プレイバック!美術手帖 2008年5月号 特集「あらうんど THE 会田誠」
『美術手帖』創刊70周年を記念して始まった連載「プレイバック!美術手帖」。美術家の原田裕規がバックナンバーから特集をピックアップし、現代のアートシーンと照らし合わせながら論じる。今回は2008年5月号の特集「あらうんど THE 会田誠」を紹介。
「つながり」が示すアートという器の可能性
本特集のタイトルは「あらうんど THE 会田誠」。この「あらうんど」という言葉は、いまふうに言い換えれば「コレクティブ」という言葉に近い実質を伴っている。特集で主に紹介されるのは、Chim↑Pom、加藤愛、遠藤一郎、高田冬彦などを筆頭とする、当時最若手の作家たちだ。
それに加えて、特集には3本の座談会が収録されている。そのうちのひとつ「ふつう研究所座談会」では、会田が2001年から4期にわたって開講した「バラバラアートクラス」(美学校)の教え子たちが登場する。そこに集った人々の多くは、美大受験に失敗するなどして「行き場」をなくした経緯を持つ。座談会に参加していた卯城竜太も、音楽活動に挫折してアートの世界に飛び込んだものの、そこでも鬱屈した想いを抱えて「おれらみたいな人はどこに行けばいいんだろう」と思い悩み、会田のもとにたどり着いたという。
会田は、こうした人々との交流を「ぐちゃぐちゃ志向」と呼んでいる。その志向性は、カイカイキキのように組織的にまとまることはなかったものの、それゆえに、コレクティブ(=集合)と呼ぶに相応しい状況が生まれていた。こうした状況をパッケージして後世に残したという点に、本特集の最大の成果があるだろう。そして、こうした志向性がピークを迎えたのは05年のことだった。この年は、会田が自宅で「西荻ビエンナーレ」を開き、卯城らがChim↑Pomを結成した年にあたる。もうひとつの座談会「青空座談会」では、渋谷の高架下で暮らすホームレスが「アート」の名のもとに(壁画制作のためという理由で)排除された出来事がクローズアップされる。ここでも「居場所」の問題が取り沙汰されているのだ。

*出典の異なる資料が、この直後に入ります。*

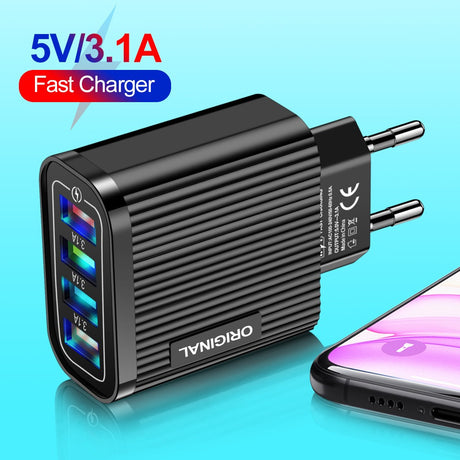 Luminous 4 USB mobile phone charging head, European and American standard travel charger, striped USB smart tablet charger - V.I.P Digital Presence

ところで、この特集が発売されたのは、筆者が美大受験に失敗してまさに「行き場」をなくしていた時期のことだった。そんな折に本特集を手に取り、少なからず感化された者としては、いまのアートがかつてのような受け皿になりえているのかという疑問も抱く。アートの希望は「これもアートかもしれない」という器の可塑性に宿るからだ。
そのように考えたとき、なぜ時として会田が攻撃的に先行する事例を取り上げるかもわかってくる。例えば、「生徒」になりきった会田が「先生」に教えを請うという体裁で行われた座談会では、「絵画」をめぐる制度の硬直性が暗に批判されている。登壇者の3名はその仮想敵として召喚されたが、印象的なのは最後に全員揃って「お絵かき」をする場面だ。白熱した議論のあとに訪れた制作模様と、最後に収められた1枚の記念写真には、一瞬であれ「絵画」をめぐる制度が相対化され、柔らかくなった瞬間が写し出されている。